§ Problem statement:
Starting at the top of the records below, write out each line exactly as it stands, stopping after the line with "दुर्गालाल श्रेष्ठ : फूलको"; exclude the pictures.

§ Data shown:
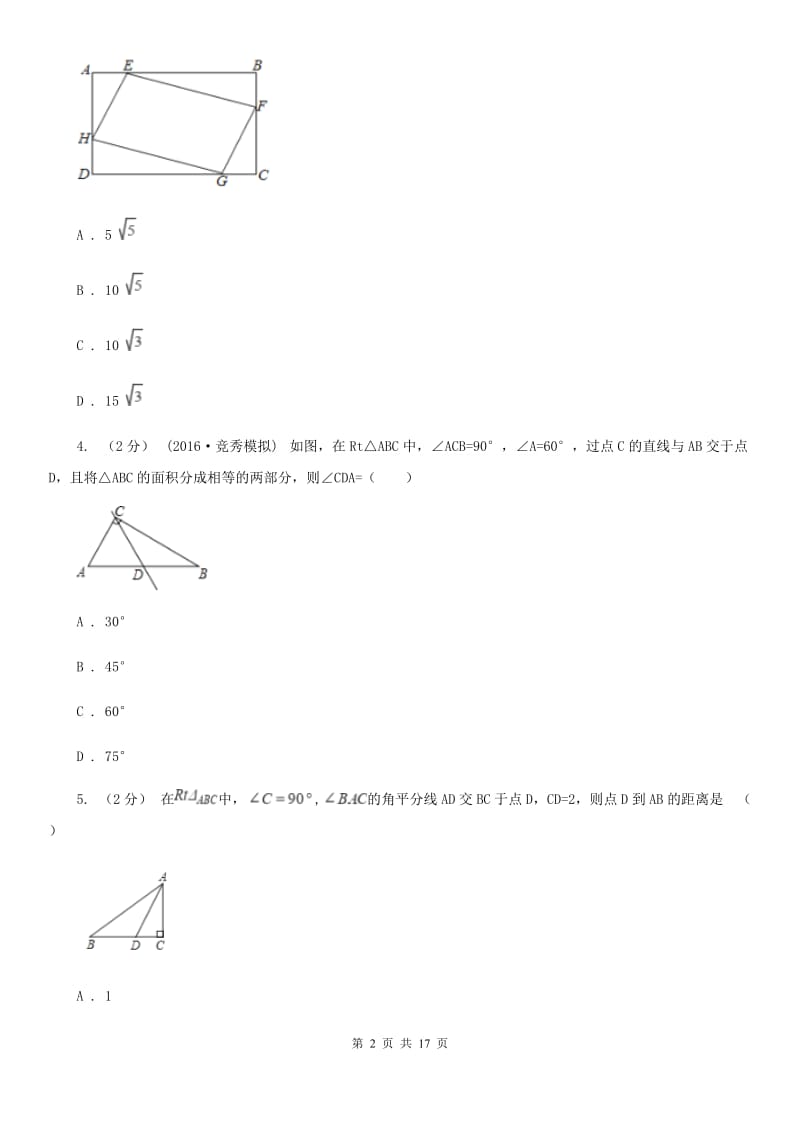 河北大学版八年级下学期数学开学考试试卷G卷(模拟)_第2页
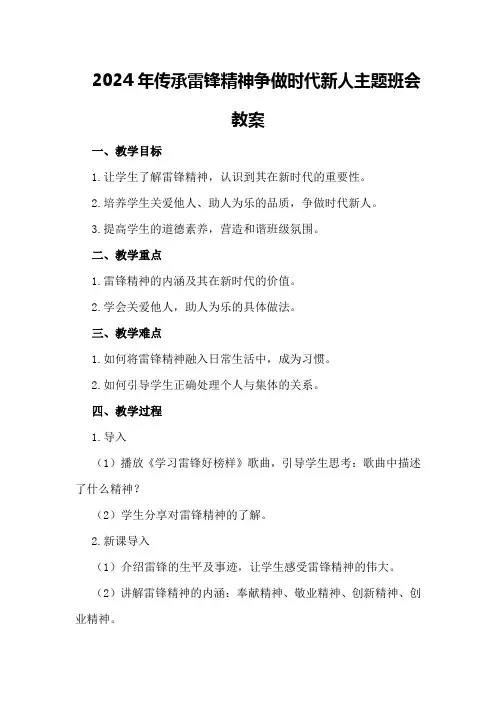 2024年传承雷锋精神争做时代新人主题班会教案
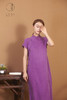 铜氨丝连肩袖紫色旗袍 商品缩略图3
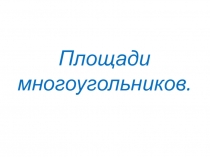 Внеклассное мероприятие по математике на тему: Площади многоугольников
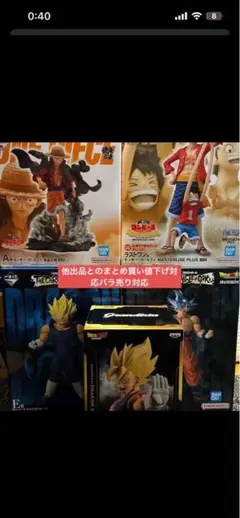 一番くじ ドラゴンボール ワンピース　フィギュア まとめ売り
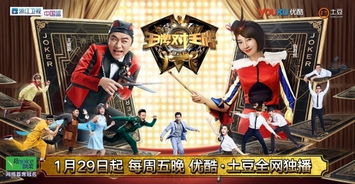 综艺漂流游戏攻略 VS 夏雨游戏攻略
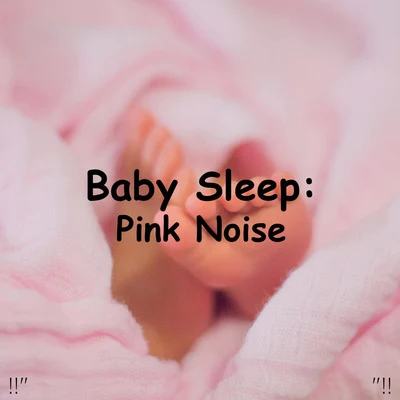 !!" Baby Sleep: Pink Noise "!! 專輯 Ocean Sounds Academy/Sleep Baby Sleep/Einstein Nature Sounds Academy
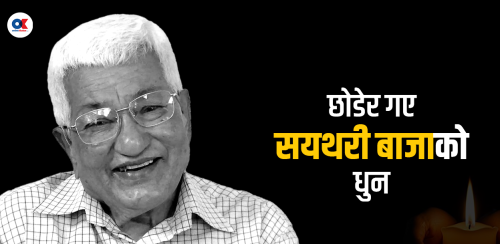 दुर्गालाल श्रेष्ठ : फूलको आँखाबाट संसार हेर्ने स्रष्टा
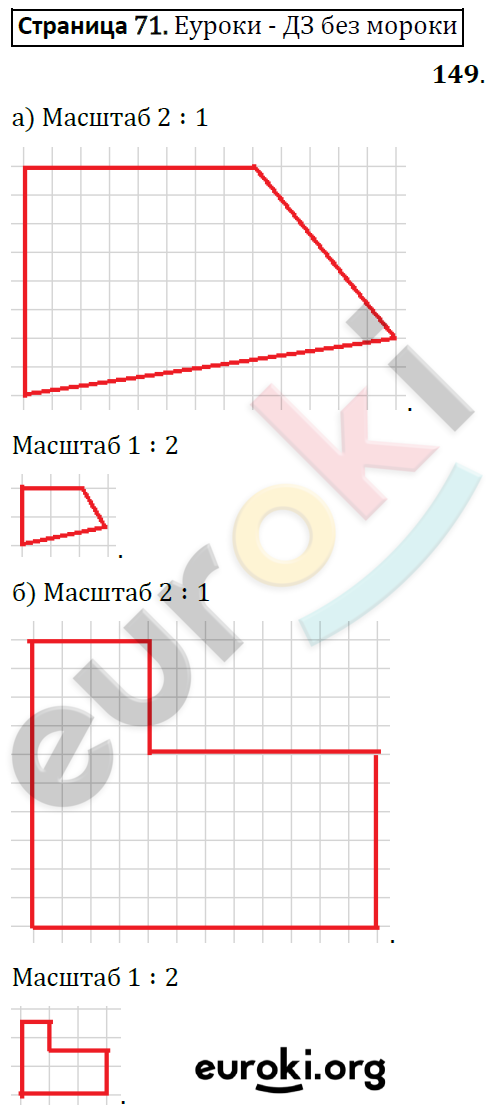 Тетрадь-тренажер по математике 6 класс. ФГОС Бунимович, Кузнецова Страница 71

§ Response to the task:
 河北大学版八年级下学期数学开学考试试卷G卷(模拟)_第2页
 2024年传承雷锋精神争做时代新人主题班会教案
 铜氨丝连肩袖紫色旗袍 商品缩略图3
 Внеклассное мероприятие по математике на тему: Площади многоугольников
 一番くじ ドラゴンボール ワンピース　フィギュア まとめ売り
 综艺漂流游戏攻略 VS 夏雨游戏攻略
 !!" Baby Sleep: Pink Noise "!! 專輯 Ocean Sounds Academy/Sleep Baby Sleep/Einstein Nature Sounds Academy
 दुर्गालाल श्रेष्ठ : फूलको आँखाबाट संसार हेर्ने स्रष्टा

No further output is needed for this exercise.